Although sex is tied with love in Melissa’s mind, the book doesn’t become just “beautiful and erotic”, and it is not pretentiously arty in a shallow way. If it was, no doubt it wouldn’t be criticised so much, as women, it seems, are allowed to write about sex as long as it is done in a beautiful way.
It is interesting here to see Melissa’s rejection of Catherine Millet’s portrayal of sex in her book The sexual life of Catherine M.. In an interview with Three Monkeys Online, she said: “I read it and didn’t like it. I don’t think of sex as intellectual of philosophical. I believe that sex is flesh and blood.”

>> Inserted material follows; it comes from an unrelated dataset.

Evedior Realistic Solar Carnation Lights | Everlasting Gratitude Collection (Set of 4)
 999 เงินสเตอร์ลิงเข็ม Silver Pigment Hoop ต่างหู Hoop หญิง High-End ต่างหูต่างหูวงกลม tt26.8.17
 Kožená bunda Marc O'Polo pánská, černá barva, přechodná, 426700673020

But while learning about herself and separating this knowledge from the crust of modern sexual stereotypes, in refusing to write a sterile account to appease sanctimonious critics, and in the asserting at the end her sexuality and right to pleasure, she doesn’t speak in feminist terms. On the contrary, her view of feminism is, I’d say, is in line with mainstream misconception. In the Times she said: “I can’t stand all this feminist and post-feminist nonsense… because feminism is all about women feeling they are victims, and it’s just stupid. It pains me. But I don’t feel I’m a victim of anyone or anything. Women have the same right to respect and choice as men. It’s a question of taking charge of your own destiny – and that is what I have done.”
Yes, but with “feminist nonsense” and more awareness of what’ going on, taking charge of your destiny may be less painful, I would add (think Abby Lee, for example). Still, if you read the book with both mind and heart open, you will see there more than even the author herself intended, and definitely more than some critics saw, before dashing to their keyboards and fuming in the press.